Чуть-чуть я прибавлял некоторых красок и долго боялся начать писать во-всю — всеми красками — по этой живой подготовке. И, должен сказать, это был лучший момент картины. Всякий исполненный до полной реальности предмет в картине уже ослаблял общее впечатление, которое было почти музыкально. Очень трудно было не выйти из этого неуловимого тона — глубокого, прозрачного и цельного уже по случаю своего одноударного возникновения.
Брат мой, музыкант, ученик консерватории, тогда жил со мною. И, придя из мастерской, я просил его играть «Quasi una fantasia» Бетховена. Эта музыка опять переносила меня к моему холсту. До бесконечности я наслаждался этими звуками. Еще, еще… Он ее изучал и играл подолгу; и повторения, особенно прелюдии, меня трогали до слез… Какое это было счастье…
5
1870 год. Летом, на Волге, близ Самарской луки, на стороне Жигулевских гор я рисовал красивый кусок в каменистом поясе берега. Издали, с парохода, этот пояс кажется светлой полосой, подчеркивающей зеленый лес на горах; вблизи эта полоса так завалена огромными камнями, обломками с гор, что местами по ней очень трудно пробираться. Я увлекался тогда деталями растений и деревьев; всякий стебелек тщательно вырисовывал и даже обводил темным фоном, если эти поросли и цветки рисовались на темном фоне зелени. До страсти было заманчиво вылепить все формочки цветка и положить тени, где они капризно и не надолго падают под солнцем, — забываешь все на свете. Но вот солнце перестало освещать мою красивую группу. Оглядываюсь: надвигаются тучи. Волга уже вся черная, и прямо на меня, переливаясь и рассыпаясь серым по темной тучище, неслась разорванная завеса. В темной бездне неба сверкнула красным зигзагом молния. Загремело вдали. И вдруг капля огромная — мне на альбом… я его под полу — другая, третья, и так звонко забарабанил дождь кулаками и по листам растений и по камням, а зонт мой (артистический) даже стал трещать от порывов ветра и скоро пропускал уже насквозь удары дождевых кулаков… Но было так все время жарко, что поднявшаяся влага, казалось, поила своим ароматным дыханием.
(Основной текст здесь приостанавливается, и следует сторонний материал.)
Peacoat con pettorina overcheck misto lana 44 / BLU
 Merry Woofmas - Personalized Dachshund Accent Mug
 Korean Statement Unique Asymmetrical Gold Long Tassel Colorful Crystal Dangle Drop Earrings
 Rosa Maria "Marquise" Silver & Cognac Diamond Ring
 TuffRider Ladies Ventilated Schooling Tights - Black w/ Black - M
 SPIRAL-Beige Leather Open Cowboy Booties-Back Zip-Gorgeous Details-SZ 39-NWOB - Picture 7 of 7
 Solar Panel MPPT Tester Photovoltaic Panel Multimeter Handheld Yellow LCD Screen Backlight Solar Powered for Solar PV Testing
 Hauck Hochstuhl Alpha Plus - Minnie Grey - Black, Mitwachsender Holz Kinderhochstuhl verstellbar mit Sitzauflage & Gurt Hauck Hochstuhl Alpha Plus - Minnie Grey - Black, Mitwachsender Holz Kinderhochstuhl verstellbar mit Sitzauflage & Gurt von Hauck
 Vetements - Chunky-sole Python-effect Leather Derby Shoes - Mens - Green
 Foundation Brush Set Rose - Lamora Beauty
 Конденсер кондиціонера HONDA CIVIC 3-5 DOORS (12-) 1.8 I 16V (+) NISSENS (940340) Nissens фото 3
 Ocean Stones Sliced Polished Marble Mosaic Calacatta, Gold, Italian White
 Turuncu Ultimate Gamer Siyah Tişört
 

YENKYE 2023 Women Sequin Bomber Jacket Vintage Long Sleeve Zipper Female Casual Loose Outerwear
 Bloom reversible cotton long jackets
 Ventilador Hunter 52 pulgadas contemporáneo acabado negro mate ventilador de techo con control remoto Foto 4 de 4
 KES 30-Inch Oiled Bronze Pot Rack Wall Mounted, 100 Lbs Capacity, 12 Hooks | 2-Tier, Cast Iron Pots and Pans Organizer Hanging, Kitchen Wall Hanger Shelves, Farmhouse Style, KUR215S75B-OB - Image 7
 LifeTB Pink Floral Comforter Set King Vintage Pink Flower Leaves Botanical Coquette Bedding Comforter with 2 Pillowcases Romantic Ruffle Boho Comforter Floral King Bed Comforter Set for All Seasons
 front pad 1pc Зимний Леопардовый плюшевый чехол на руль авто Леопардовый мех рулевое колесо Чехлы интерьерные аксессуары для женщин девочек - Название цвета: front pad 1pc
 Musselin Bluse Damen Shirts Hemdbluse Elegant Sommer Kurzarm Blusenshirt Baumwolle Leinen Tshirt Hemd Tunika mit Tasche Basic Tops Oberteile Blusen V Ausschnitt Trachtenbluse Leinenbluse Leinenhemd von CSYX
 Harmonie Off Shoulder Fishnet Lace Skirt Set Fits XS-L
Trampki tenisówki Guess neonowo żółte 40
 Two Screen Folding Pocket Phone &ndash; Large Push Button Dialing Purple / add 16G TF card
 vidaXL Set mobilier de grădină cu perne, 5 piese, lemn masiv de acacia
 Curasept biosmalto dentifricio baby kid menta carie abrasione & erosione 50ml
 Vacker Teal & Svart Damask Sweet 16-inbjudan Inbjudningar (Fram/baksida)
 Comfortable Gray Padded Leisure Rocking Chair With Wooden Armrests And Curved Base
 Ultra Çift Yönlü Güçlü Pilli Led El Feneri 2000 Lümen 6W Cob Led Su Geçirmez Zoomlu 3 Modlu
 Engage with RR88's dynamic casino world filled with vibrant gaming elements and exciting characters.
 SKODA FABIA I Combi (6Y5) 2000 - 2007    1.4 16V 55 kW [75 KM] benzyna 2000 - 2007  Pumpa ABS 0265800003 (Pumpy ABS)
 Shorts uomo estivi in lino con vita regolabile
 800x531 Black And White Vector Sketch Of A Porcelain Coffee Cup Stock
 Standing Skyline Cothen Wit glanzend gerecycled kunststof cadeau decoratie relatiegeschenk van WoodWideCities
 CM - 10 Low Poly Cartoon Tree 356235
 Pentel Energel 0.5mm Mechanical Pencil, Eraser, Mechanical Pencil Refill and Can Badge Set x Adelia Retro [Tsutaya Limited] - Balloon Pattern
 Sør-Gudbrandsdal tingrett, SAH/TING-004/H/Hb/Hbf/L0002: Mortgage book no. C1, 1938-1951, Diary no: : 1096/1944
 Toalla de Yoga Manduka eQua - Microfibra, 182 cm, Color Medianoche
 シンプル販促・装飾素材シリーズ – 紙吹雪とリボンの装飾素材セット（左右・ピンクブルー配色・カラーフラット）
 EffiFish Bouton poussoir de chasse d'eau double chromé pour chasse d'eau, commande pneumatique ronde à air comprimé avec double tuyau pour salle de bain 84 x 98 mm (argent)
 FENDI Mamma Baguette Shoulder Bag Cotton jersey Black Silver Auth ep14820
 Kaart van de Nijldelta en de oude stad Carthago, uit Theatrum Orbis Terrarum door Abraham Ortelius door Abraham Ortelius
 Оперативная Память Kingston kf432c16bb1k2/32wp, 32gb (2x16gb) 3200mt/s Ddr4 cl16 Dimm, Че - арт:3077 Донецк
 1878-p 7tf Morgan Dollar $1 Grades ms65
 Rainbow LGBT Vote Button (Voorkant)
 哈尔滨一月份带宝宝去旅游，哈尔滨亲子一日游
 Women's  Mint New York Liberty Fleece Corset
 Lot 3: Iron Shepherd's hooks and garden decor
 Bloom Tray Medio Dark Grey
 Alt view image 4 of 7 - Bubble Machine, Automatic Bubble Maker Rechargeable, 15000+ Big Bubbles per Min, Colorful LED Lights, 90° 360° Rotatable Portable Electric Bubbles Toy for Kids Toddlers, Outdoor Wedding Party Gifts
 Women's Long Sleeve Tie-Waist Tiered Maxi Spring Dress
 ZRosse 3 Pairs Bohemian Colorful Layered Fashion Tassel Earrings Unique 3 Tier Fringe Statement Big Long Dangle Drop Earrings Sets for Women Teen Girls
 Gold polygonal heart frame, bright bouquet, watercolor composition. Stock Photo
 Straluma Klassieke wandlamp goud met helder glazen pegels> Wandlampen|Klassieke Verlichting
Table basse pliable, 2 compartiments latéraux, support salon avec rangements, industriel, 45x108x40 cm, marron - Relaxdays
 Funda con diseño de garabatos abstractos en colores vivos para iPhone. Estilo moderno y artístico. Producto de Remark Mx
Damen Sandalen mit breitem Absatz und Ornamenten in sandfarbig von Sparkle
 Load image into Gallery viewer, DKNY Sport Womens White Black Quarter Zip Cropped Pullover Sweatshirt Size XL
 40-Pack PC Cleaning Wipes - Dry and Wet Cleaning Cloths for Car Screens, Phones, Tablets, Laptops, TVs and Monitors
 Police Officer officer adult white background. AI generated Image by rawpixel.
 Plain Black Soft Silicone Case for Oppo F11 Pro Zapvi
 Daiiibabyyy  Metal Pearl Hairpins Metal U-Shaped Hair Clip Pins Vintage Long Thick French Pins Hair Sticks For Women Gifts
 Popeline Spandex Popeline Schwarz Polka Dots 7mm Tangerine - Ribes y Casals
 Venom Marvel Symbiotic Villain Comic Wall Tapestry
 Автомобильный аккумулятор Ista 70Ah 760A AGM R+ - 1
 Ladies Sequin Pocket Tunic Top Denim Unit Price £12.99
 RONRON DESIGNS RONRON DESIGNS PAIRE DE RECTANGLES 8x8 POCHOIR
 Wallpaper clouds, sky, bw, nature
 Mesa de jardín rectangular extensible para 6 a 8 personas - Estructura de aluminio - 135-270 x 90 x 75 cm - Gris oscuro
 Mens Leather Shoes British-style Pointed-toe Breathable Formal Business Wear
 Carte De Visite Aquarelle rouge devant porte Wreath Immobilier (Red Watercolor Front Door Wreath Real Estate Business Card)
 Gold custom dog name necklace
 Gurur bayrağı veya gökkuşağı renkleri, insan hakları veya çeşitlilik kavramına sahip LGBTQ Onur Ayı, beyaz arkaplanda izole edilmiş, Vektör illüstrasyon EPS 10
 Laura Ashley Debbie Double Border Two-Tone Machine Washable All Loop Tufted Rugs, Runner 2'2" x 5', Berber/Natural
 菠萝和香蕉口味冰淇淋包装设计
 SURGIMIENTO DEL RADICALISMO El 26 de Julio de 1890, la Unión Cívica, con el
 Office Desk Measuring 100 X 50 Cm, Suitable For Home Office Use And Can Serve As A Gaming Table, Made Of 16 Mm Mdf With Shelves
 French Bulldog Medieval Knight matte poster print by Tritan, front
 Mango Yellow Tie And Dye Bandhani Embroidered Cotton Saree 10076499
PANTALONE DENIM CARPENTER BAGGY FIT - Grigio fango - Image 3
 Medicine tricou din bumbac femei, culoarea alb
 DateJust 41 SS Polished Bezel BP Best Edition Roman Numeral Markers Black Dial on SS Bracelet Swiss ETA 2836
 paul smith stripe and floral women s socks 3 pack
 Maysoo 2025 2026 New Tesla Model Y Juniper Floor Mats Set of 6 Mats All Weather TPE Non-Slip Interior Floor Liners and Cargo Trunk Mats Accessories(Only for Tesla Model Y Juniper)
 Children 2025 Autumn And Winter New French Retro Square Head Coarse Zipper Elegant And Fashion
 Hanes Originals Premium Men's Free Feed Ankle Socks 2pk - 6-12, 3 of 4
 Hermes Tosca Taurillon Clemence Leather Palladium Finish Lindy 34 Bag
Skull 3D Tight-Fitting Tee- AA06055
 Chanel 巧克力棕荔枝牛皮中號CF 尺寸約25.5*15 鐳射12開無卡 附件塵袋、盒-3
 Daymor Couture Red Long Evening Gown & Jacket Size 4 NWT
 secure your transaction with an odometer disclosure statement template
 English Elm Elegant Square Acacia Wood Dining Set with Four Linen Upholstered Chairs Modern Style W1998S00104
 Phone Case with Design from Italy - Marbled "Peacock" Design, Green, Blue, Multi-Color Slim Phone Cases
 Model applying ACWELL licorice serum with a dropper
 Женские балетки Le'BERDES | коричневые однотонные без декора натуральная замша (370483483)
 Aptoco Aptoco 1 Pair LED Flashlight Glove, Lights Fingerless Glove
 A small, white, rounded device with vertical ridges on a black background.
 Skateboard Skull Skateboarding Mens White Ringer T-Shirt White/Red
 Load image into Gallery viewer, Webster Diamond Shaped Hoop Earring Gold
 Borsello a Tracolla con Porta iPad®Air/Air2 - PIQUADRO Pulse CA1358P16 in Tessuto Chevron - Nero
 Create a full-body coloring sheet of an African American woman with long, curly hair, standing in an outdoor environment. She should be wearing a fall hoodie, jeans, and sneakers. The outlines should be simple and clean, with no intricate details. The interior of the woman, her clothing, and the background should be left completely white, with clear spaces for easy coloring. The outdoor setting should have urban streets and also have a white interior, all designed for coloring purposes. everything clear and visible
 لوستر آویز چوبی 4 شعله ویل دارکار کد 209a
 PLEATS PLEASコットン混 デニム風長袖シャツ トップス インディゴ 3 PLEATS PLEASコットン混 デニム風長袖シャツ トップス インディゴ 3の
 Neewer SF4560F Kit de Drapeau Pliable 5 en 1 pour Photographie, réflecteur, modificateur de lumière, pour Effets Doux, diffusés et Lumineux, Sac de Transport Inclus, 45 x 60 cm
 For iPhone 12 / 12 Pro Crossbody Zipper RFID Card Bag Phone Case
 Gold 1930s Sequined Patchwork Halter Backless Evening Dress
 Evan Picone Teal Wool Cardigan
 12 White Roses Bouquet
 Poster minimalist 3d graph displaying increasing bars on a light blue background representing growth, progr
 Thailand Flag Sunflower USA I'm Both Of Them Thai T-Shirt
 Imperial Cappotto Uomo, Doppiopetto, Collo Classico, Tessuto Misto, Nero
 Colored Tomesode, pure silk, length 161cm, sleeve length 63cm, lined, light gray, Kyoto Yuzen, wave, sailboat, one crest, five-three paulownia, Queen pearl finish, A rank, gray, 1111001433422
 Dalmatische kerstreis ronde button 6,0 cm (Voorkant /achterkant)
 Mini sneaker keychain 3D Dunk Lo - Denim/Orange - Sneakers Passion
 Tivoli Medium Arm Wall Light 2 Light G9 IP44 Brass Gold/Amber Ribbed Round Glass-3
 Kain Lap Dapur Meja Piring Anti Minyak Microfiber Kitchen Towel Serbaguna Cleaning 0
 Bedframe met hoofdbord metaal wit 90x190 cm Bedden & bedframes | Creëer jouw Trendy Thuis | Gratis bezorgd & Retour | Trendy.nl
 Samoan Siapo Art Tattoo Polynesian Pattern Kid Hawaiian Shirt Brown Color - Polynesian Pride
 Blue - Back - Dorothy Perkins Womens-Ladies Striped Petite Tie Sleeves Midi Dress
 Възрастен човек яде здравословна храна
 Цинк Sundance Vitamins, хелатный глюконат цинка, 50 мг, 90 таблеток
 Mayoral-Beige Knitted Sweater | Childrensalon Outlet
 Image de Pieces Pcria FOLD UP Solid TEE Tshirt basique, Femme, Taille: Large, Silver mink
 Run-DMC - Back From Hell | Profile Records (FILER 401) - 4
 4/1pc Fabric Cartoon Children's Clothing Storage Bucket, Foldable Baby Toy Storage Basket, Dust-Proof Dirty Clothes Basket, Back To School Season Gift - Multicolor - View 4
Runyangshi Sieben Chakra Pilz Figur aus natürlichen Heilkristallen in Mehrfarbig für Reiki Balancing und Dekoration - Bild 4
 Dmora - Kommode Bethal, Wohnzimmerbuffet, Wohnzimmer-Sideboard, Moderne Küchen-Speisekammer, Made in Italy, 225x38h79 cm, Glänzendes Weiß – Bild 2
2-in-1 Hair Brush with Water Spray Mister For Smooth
Мне стало страшно весело. И когда ливнем оборвало зонтичные проволоки, продырявились стенки тяжелой парусины и ливень стал заливать меня, как из ведра, наполнив поля моей шляпы, шляпа развернулась, вода быстро уже купала меня всего… Я начал вдруг безумно хохотать, и мною овладело еще неиспытанное бешеное веселье.
Один, в душе теплых дождевых стен, как в сетке, я долго и громко хохотал. Ничего не было видно, не только ни на Курумчу, ни на Самарскую луку за Волгу — даже моего ближайшего камня, со всеми украшениями кругом, похожими на лопухи, с большими листьями, прекрасно группировавшимися кругом: все исчезло. Хорошо, что альбом свой я сейчас же прижал подмышкой и старательно прикрывал его полами пиджака… Огромные капли, казалось, били меня по голове и по плечам… Наконец стали показываться пузырьки в ближайших лужах; вот показался и предмет мой, но в каком виде! Все стебли-вымпелы и красивые большие листья были смяты, растерзаны и сломаны, как на варево, — ничего не узнать. Я осмотрелся… Да, это была минута бесшабашного счастья — «упоения в бою»…
[Знакомство с Антокольским[492]]
…До Академии я не имел понятия о лепке, и в первый же день поступления туда мне захотелось поработать в скульптурном классе. Этот класс был мрачен и почти пуст. Два-три ученика, апатично зализывая, повышали выступы мускулов на своих копиях торса Геркулеса Фарнезского[493]; выходило вроде картофеля в мешке. Мне было не до них. С помощью сторожа установив на станке мокрую глину, я плохо справлялся с ней и был как в огне от неумения.